Par ailleurs, ces effets expansionnistes typiquement keynésiens (le fameux multiplicateur de la dépense publique, si détesté en théorie par les libéraux, mais qu’ils adorent dans la pratique sans le dire) seraient bien évidemment renforcés si nos dirigeants politiques refusaient de se soumettre aux règles stupides de l’orthodoxie libérale de la zone euro, en acceptant un creusement du déficit public encore plus important sans se préoccuper de la règle absurde des 3 % du PIB imposée par le pacte de stabilité et de croissance, ou – ce qui est interdit par les traités européens – en finançant ce supplément de déficit grâce à un emprunt direct auprès de la Banque centrale européenne….à un taux d’intérêt nul.

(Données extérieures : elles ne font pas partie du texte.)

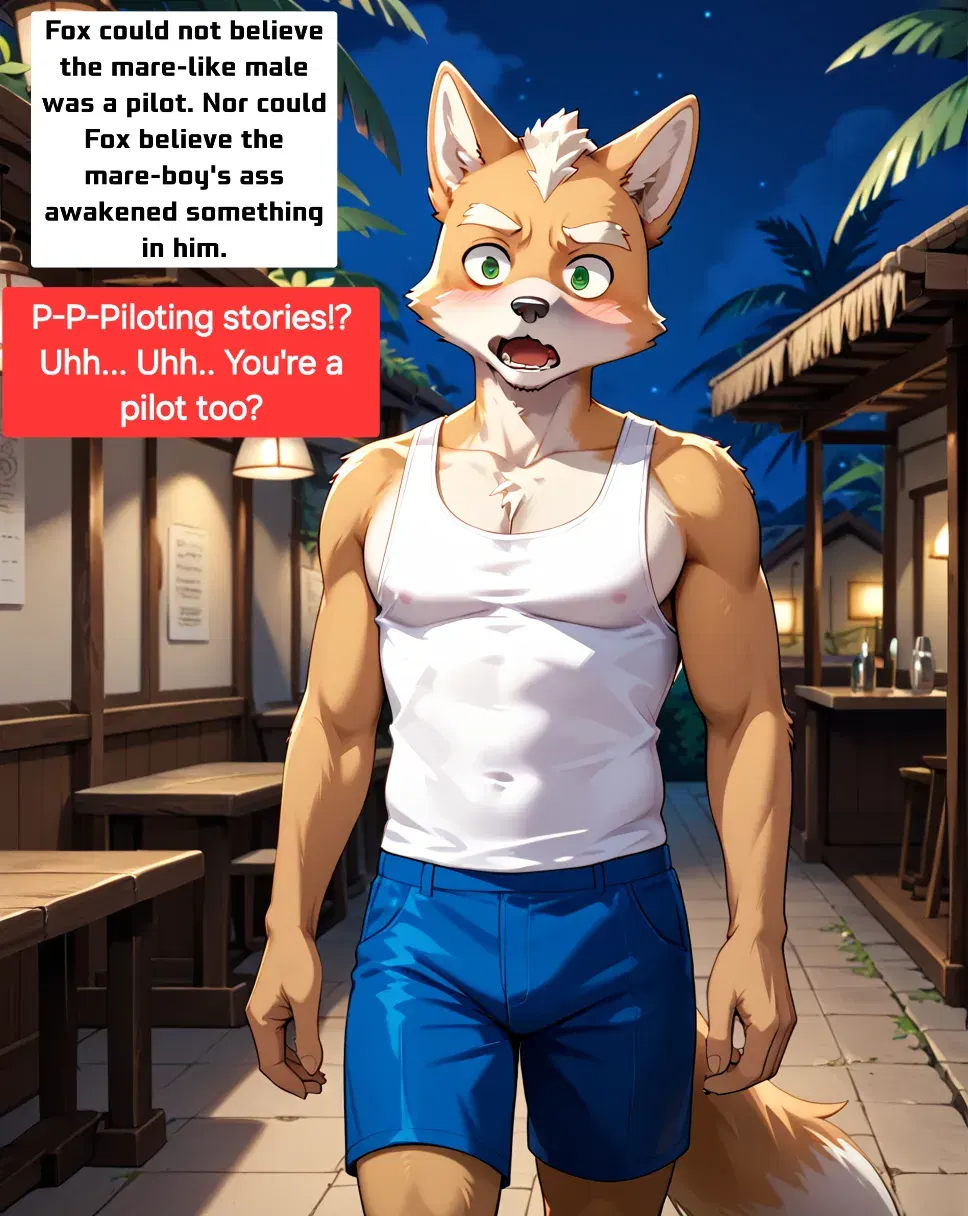 Image #272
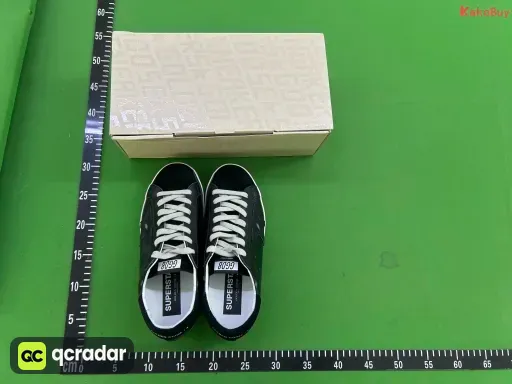 配色:7【定制配色！非质量问题不可退换！】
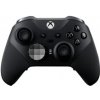 Microsoft Xbox One Wireless Elite Controller Series 2 (X1)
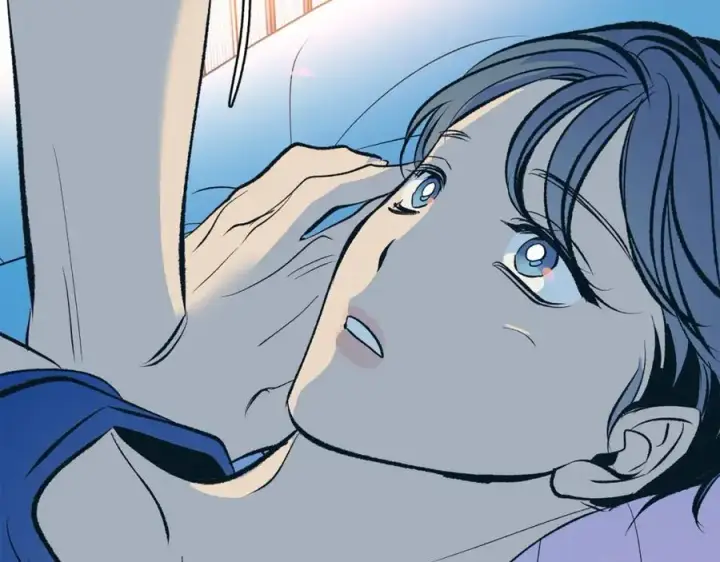漫画《修罗的恋人》番外4 梦醒时分第51张图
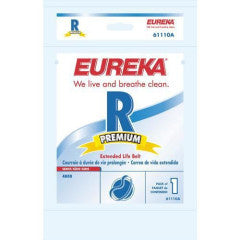 0.33470500 171700155176202862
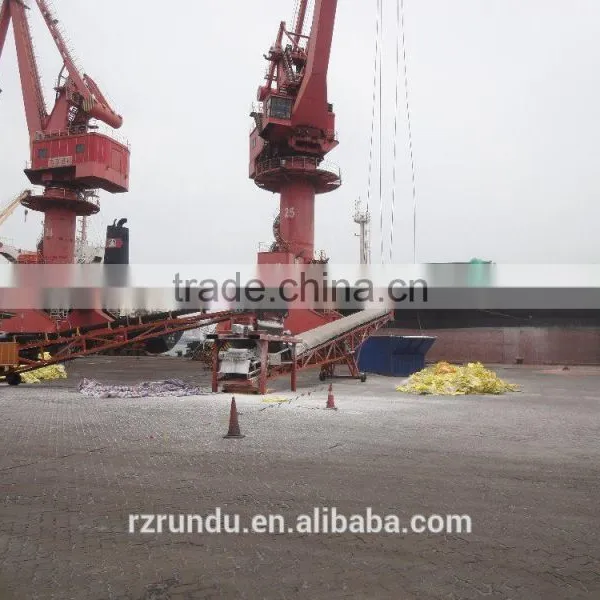 Urea photo-3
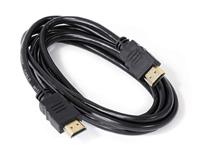 HDMI-Kabel Engel AV0012C - thumbnail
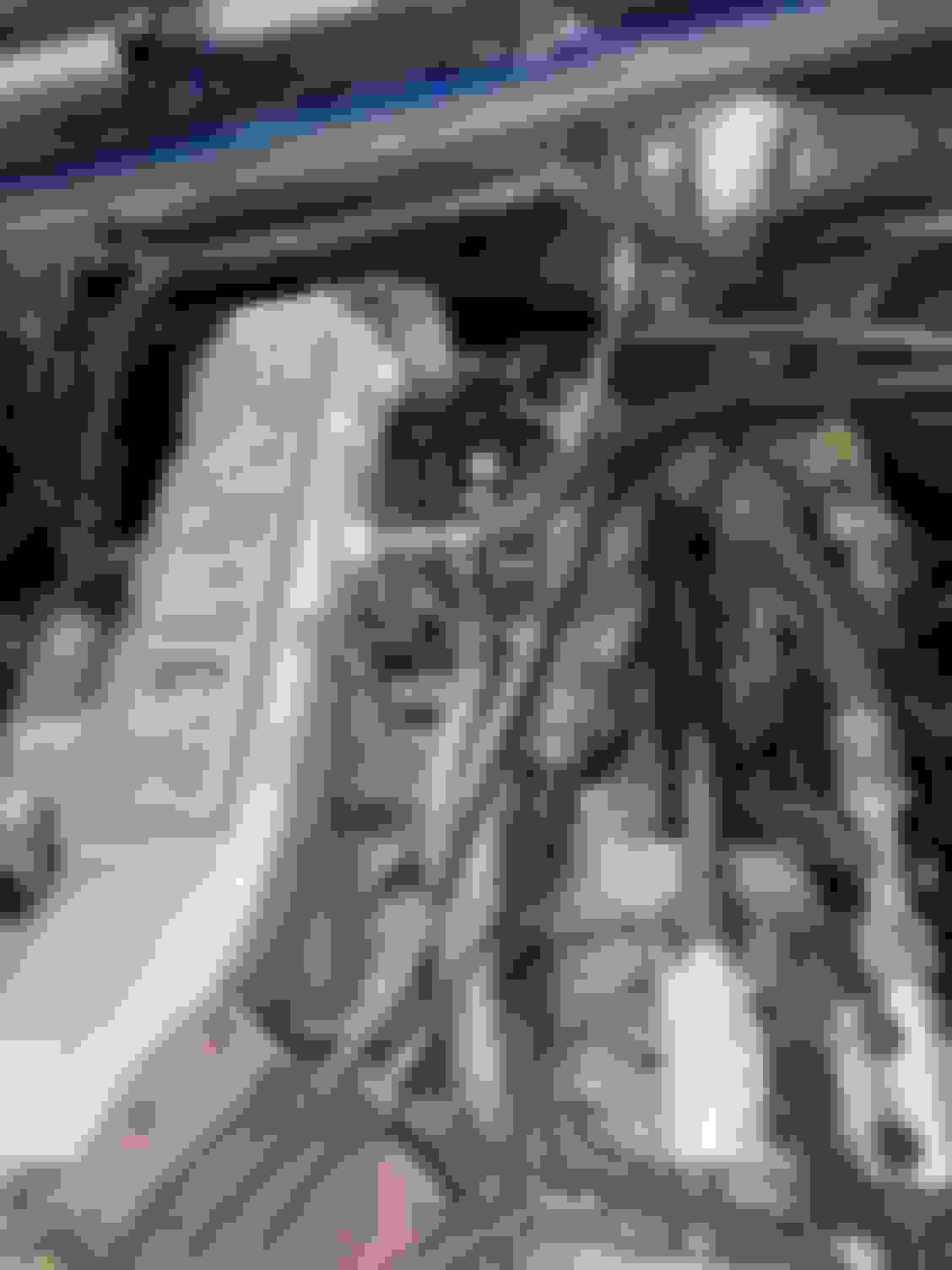 Fuel Regulator fitting pissing fuel Ford Truck Enthusiasts Forums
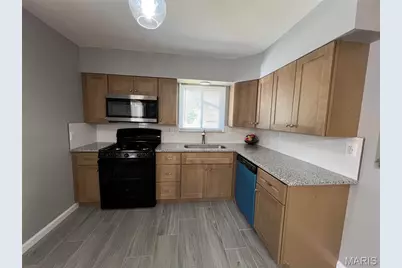 1181 Belrue Avenue, University City, MO 63130 - Photo 4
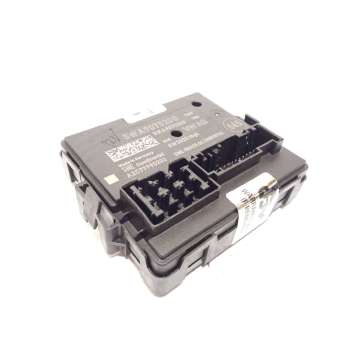 MODULO ELECTRONICO 5WA907530G A2C77990202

Enfin, il ne tient qu’au chef de l’État, pour amplifier ces effets expansifs prévus, de sortir du registre de l’entourloupe face aux revendications des gilets jaunes en matière de justice fiscale et sociale, et de se mettre en marche pour effacer au plus vite les effets de deux années d’une politique budgétaire et fiscale en faveur des ultra-riches (voir graphique ci-joint), dans un pays où les 1 % les ménages plus riches captent plus de 10 % des revenus distribués et possèdent 25 % de l’ensemble du patrimoine des ménages.